Entries taken from a collection
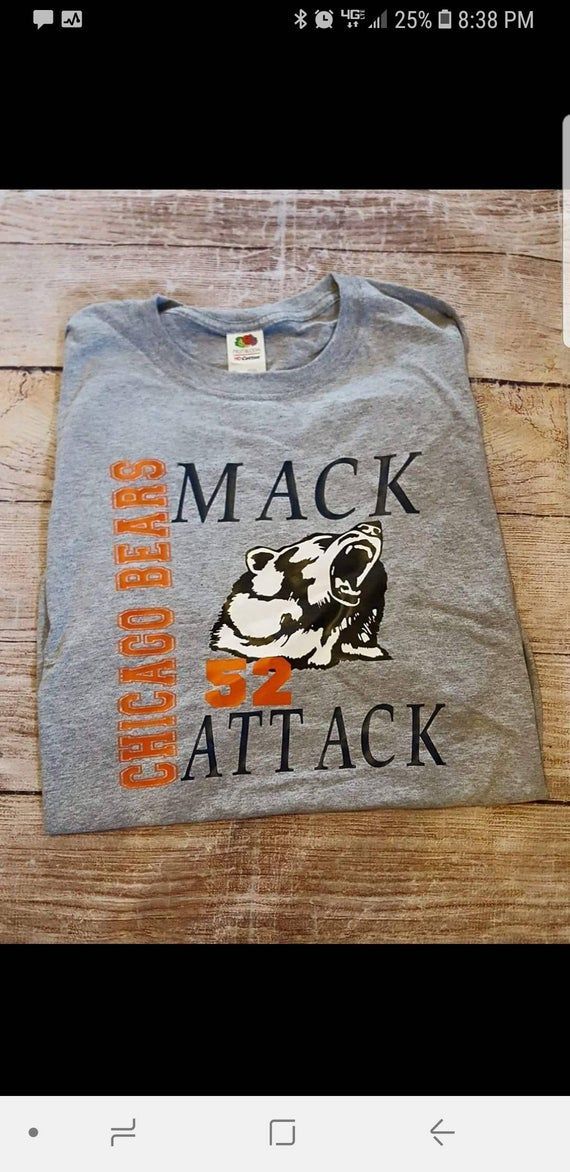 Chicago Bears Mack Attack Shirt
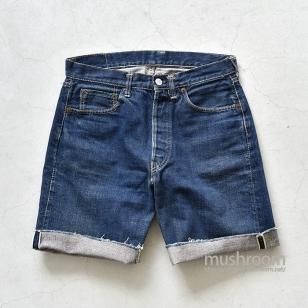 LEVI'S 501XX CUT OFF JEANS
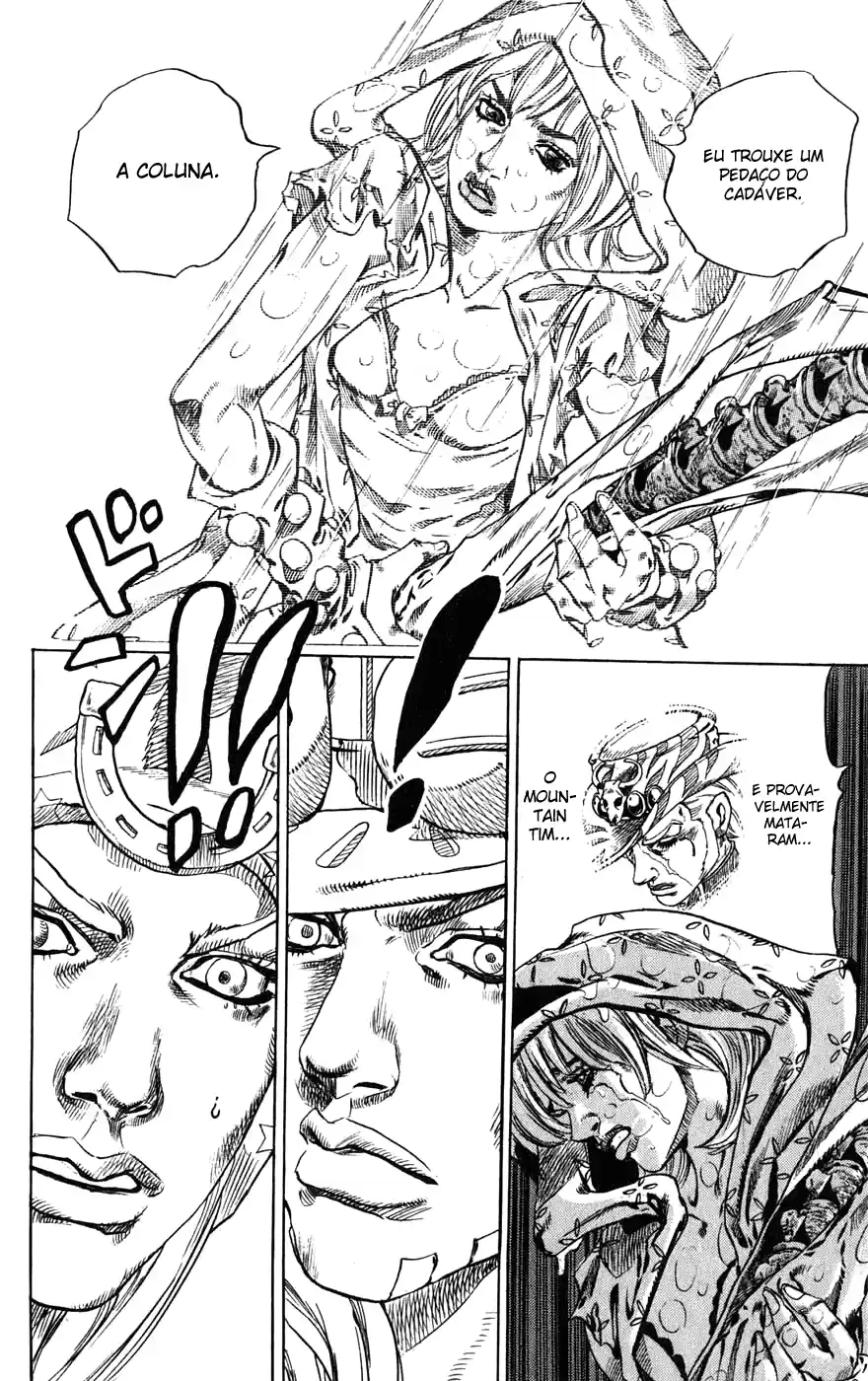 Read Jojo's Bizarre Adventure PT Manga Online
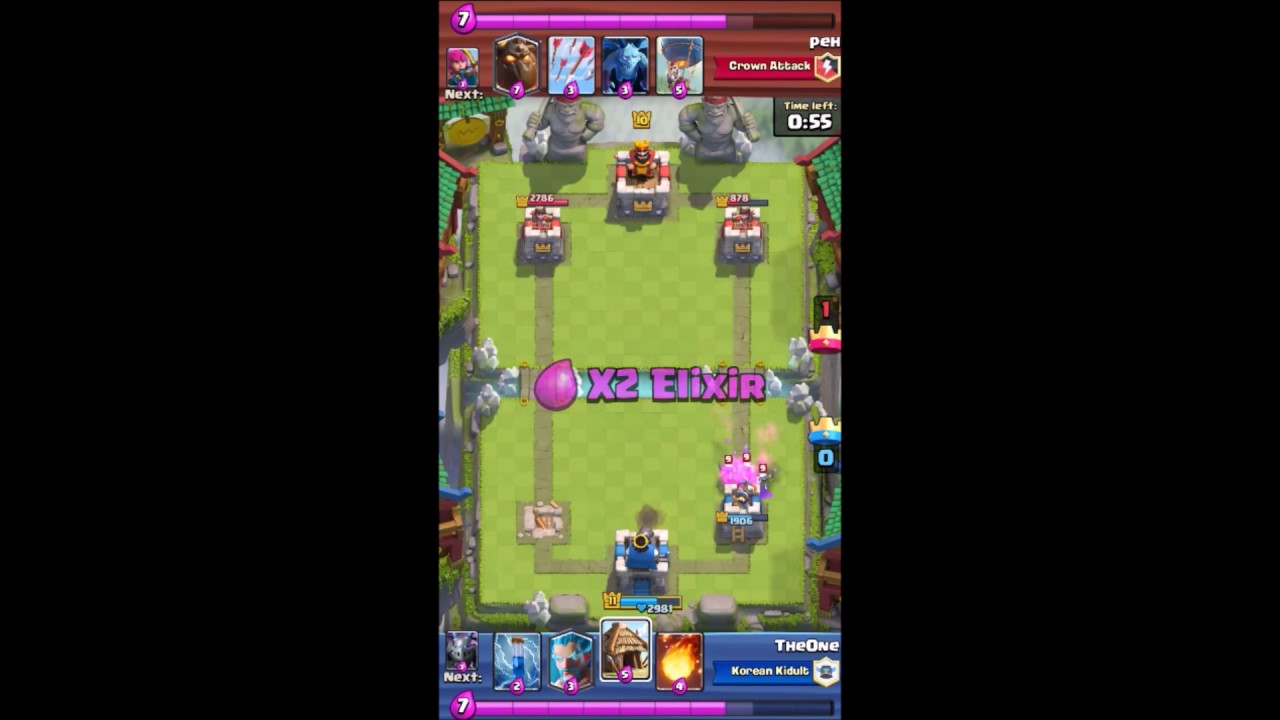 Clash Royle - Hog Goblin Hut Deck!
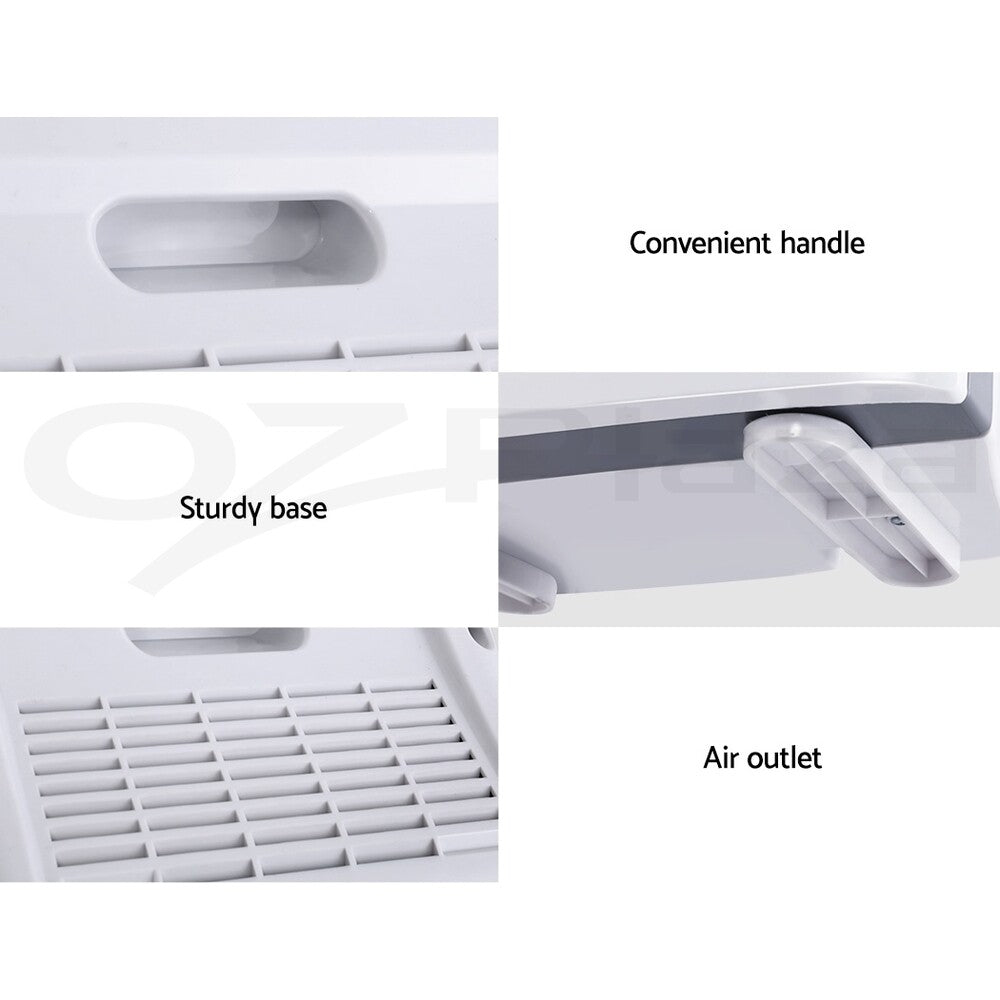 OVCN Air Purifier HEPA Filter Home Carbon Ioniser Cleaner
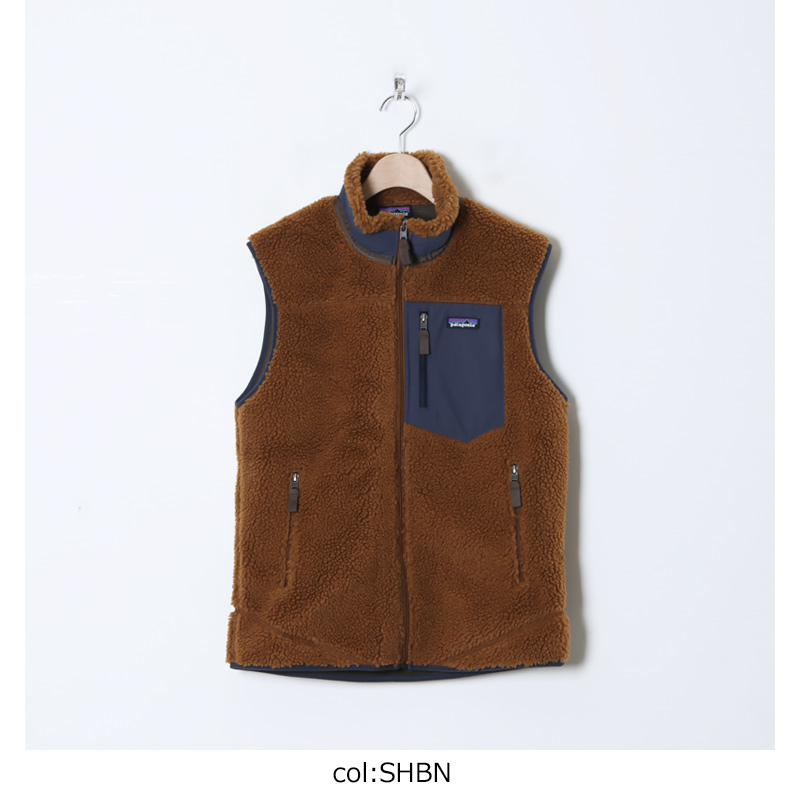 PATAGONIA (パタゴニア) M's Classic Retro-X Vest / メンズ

Task instructions
Exclude images. Return the data above verbatim.

Result of this task
 Chicago Bears Mack Attack Shirt
 LEVI'S 501XX CUT OFF JEANS
 Read Jojo's Bizarre Adventure PT Manga Online
 Clash Royle - Hog Goblin Hut Deck!
 OVCN Air Purifier HEPA Filter Home Carbon Ioniser Cleaner
 PATAGONIA (パタゴニア) M's Classic Retro-X Vest / メンズ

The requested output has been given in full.